While we describe the non-glove groups as “Observe” as this is what we can assess behaviorally—that is, they did not make any overt motor movements, the instructions were more precisely asking them to engage in movement imagery (i.e., “Imagine” as a group descriptor). Several studies have shown that motor/movement imagery involves engaging similar networks of brain regions as actual movements (Lotze et al., 2003; Lotze and Cohen, 2006; Madan and Singhal, 2012; Hardwick et al., 2018; Kline et al., 2020). The intention here was to minimize actual movements as the experimental manipulation, but still encourage active engagement in the presented finger-tapping sequences through movement imagery and not allowing participants’ minds to wander. As the participants in the Observe groups performed comparably to the Glove groups in the explicit knowledge test, and on average were numerically better, it does seem that the Observe participants were engaged in the task and did learn sequences.

Taken together, here we found that participants that only had to observe visual cues performed best in the explicit probe tests—with both enactment and additional auditory tones distracting from explicit knowledge. In contrast, when evaluating implicit knowledge (as measured by glove RT), we found that the additional auditory cues were beneficial to performance. These findings indicate that explicit knowledge of the statistical learning was best with only the single modality, but implicit knowledge was best when all three modalities were involved. Moreover, the results demonstrated a clear main effect of transition probability on response time and hastening of response time as learning accumulated (Figure 3).

Regarding the domain generality vs. modality-specificity of statistical learning, our results support the latter in the case of a motor-learning paradigm. Frost et al. (2015) has proposed a theoretical model to account for sensory modality effects on statistical learning with both separate and shared systems, particularly between auditory and visual inputs. A key concept in this model is that a brain region like the medial temporal lobe could support computational generality in statistical learning as it does for memory (Bogaerts et al., 2016), but this circuit will still have unique connections with individual sensory cortices that support modality-specific representations (Frost et al., 2015). On the basis of our findings, we argue in favor of this theoretical approach, and suggest that it can easily accommodate our observations in the motor-learning domain for hand motor commands that demonstrate both a convergence and a dissociation of modality effects on explicit and implicit measures of statistical learning.

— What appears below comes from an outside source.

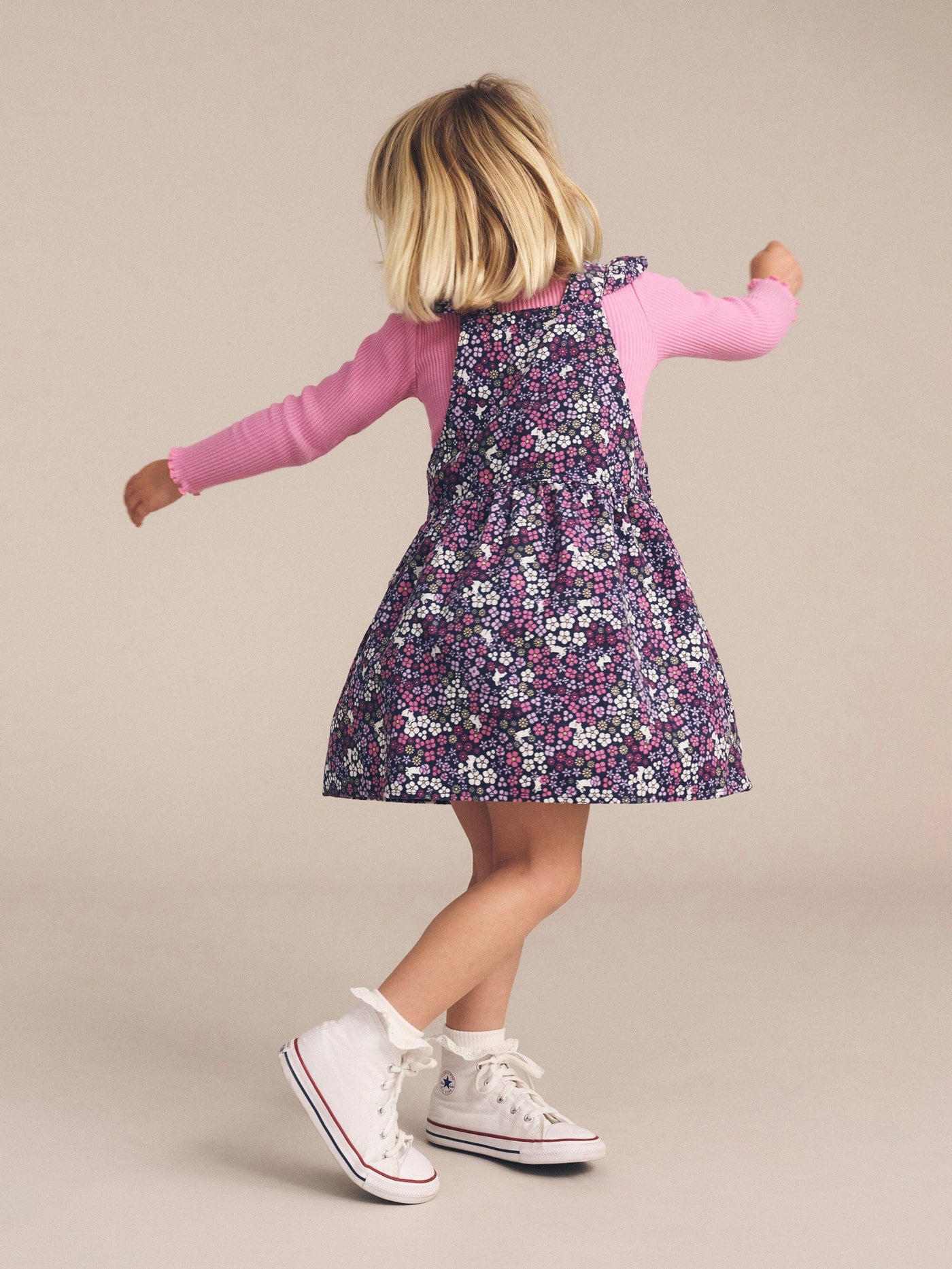 Huxbaby - Midnight Flower Garden Overall Dress - HB1198W25 Sleeveless Dress Huxbaby 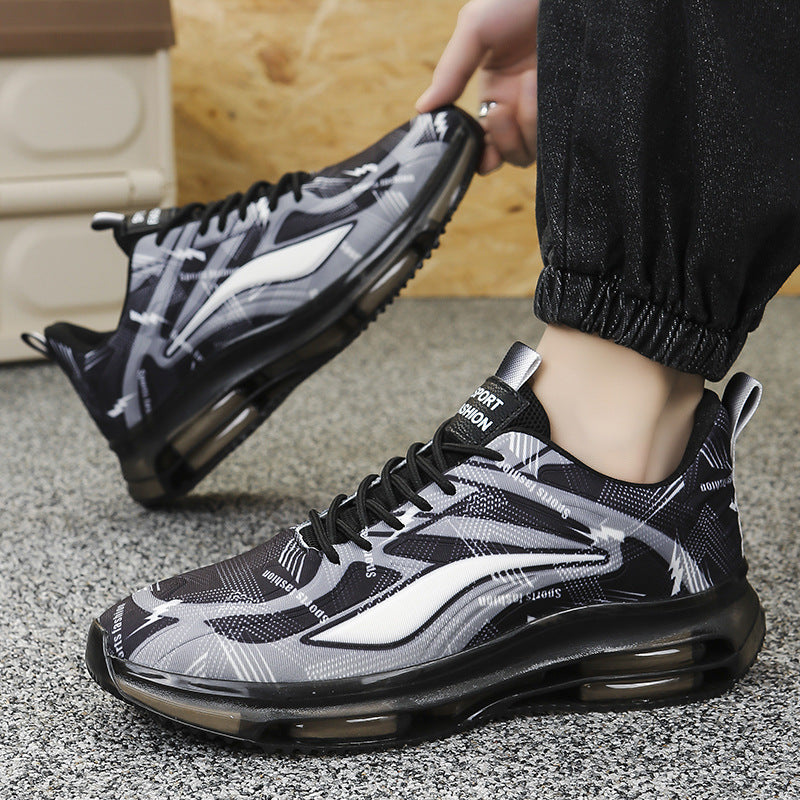 Men's Sports Shoes Spring and Autumn Ice Silk Hot Style Air Cushion Shock Absorption Trendy Men's Shoes Youth Running Shoes Student Casual Running Shoes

The computer glove procedure used here generally worked well, while also being sufficiently different than more established procedures used in AGL and SRTT studies. However, future work may want to include a computer keyboard or response pad group as a comparison to the computer glove and also include a random-sequence control group to allow for distinct estimates of practice and learning effects. These findings add to the growing literature demonstrating different mechanisms underlying explicit and implicit knowledge, convergent with the notion of multiple distinct systems supporting motor skill learning (e.g., Clark and Ivry, 2010).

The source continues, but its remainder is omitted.